I did it! I finally finished the first draft of The Dead Beat, volume 2. It was a difficult manuscript, though still not as headache-inducing as Sword of Dreams was. Nothing in The Dead Beat worked! Events didn’t fit together properly. Reveals didn’t fall into line. It all worked about as well as a bicycle made of jam.
It still sucks. But that’s the great thing about first drafts. They’re not done. I’m high on the victory buzz of finishing another book (and at 50,000 words, volume 2 of The Dead Beat is indeed a full book), but now I get to step away from the project for a few weeks. A few months, preferably.
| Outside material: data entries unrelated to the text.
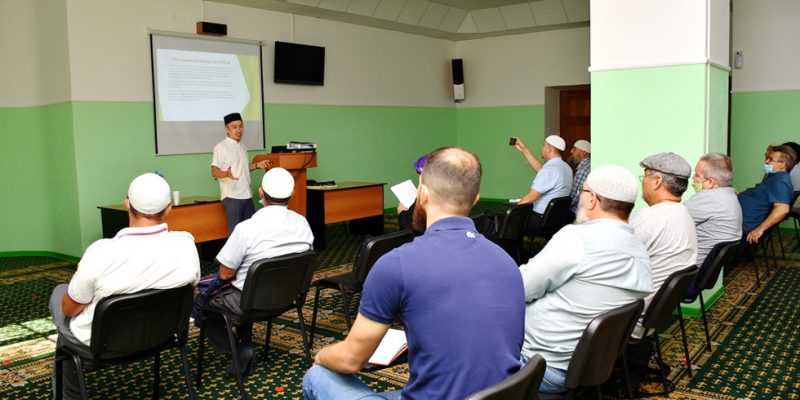 Курсы повышения квалификации для имамов Саратовской области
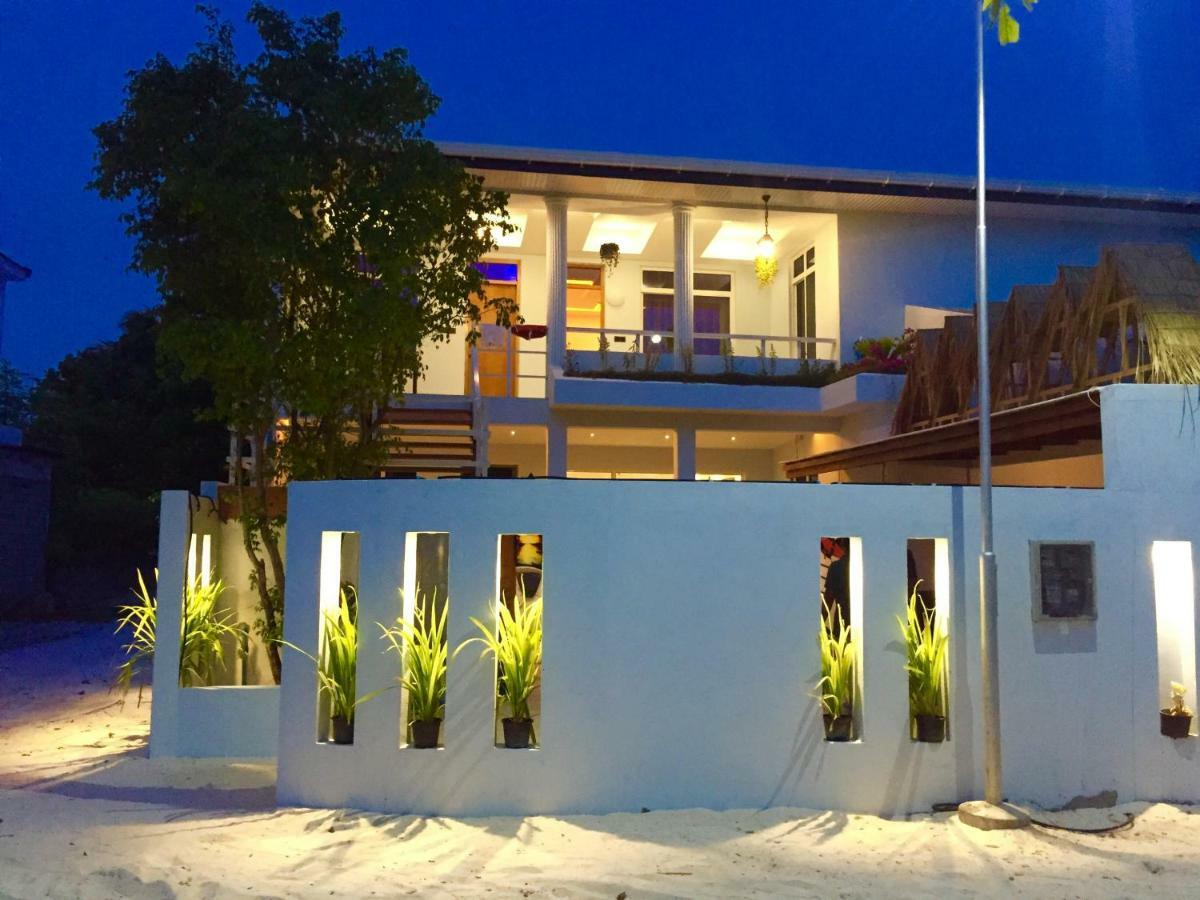 Molar Wave Himmafushi Exterior foto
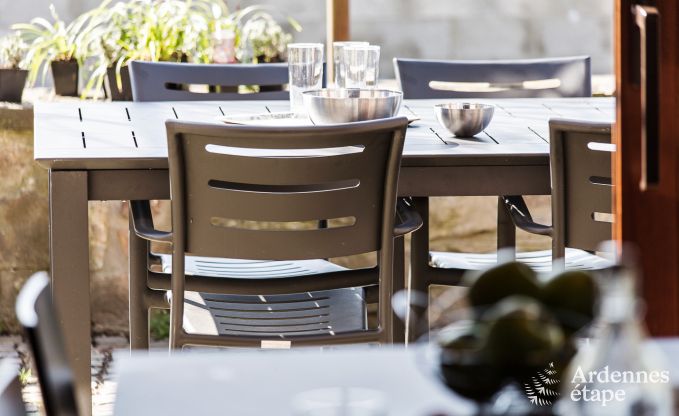 Vakantiehuis in Namur voor 9 personen in de Ardennen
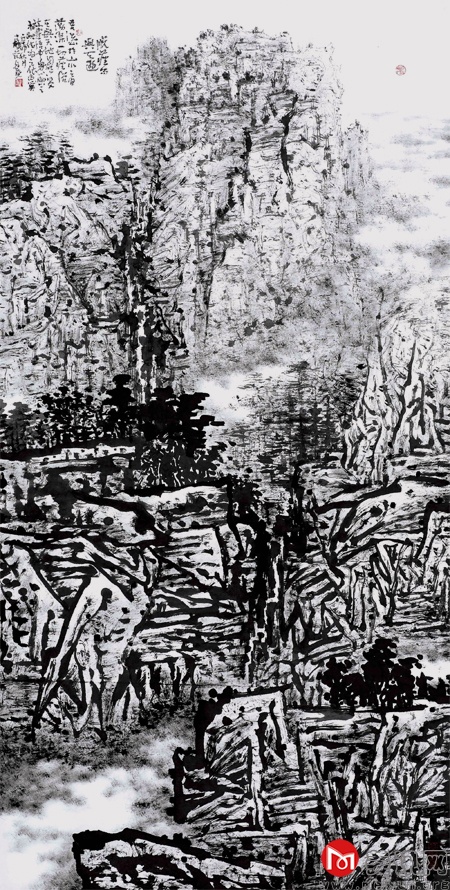 脱尘与天游138x69cm.jpg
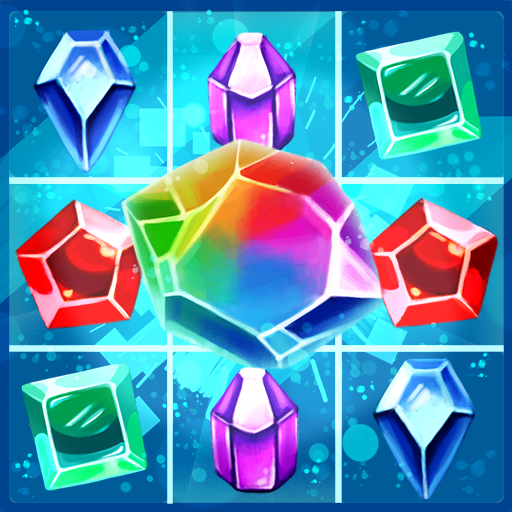poster of Play Jewel Magic Game Online 2024 game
When I come back, the pain of writing the first draft will have faded and I can look at my work with fresh eyes. Issues that seem so scream worthy right now will be easy fixes in a few months.
Other writers used to recommend shelving work after the first draft, and I never listened. No, I was too full of mad ambition for that. Leave my glorious loaf of literature to rot, untouched, for weeks? Madness! …Until circumstances forced me to put away a first draft so I could work on something more pressing. When I finally got around to it again, I was astonished how much easier it was to pick out and fix the flaws! Goodness, I guess all those seasoned professionals just might know what they’re talking about.
Oh, I’m lecturing again. Sorry about that!
The important part is that I’m done with The Dead Beat for now. Stories 10 through 21 are written. I’ll come back to them in about three months, when eFiction will be needing some new installments. Until then, I’ll be editing Aron’s first solo effort, a guide to storytelling table-top RPGs. After that, I get to begin on Hammer of Time! It’s been fun to write the trilogies, but I’m looking forward to more standalone novels.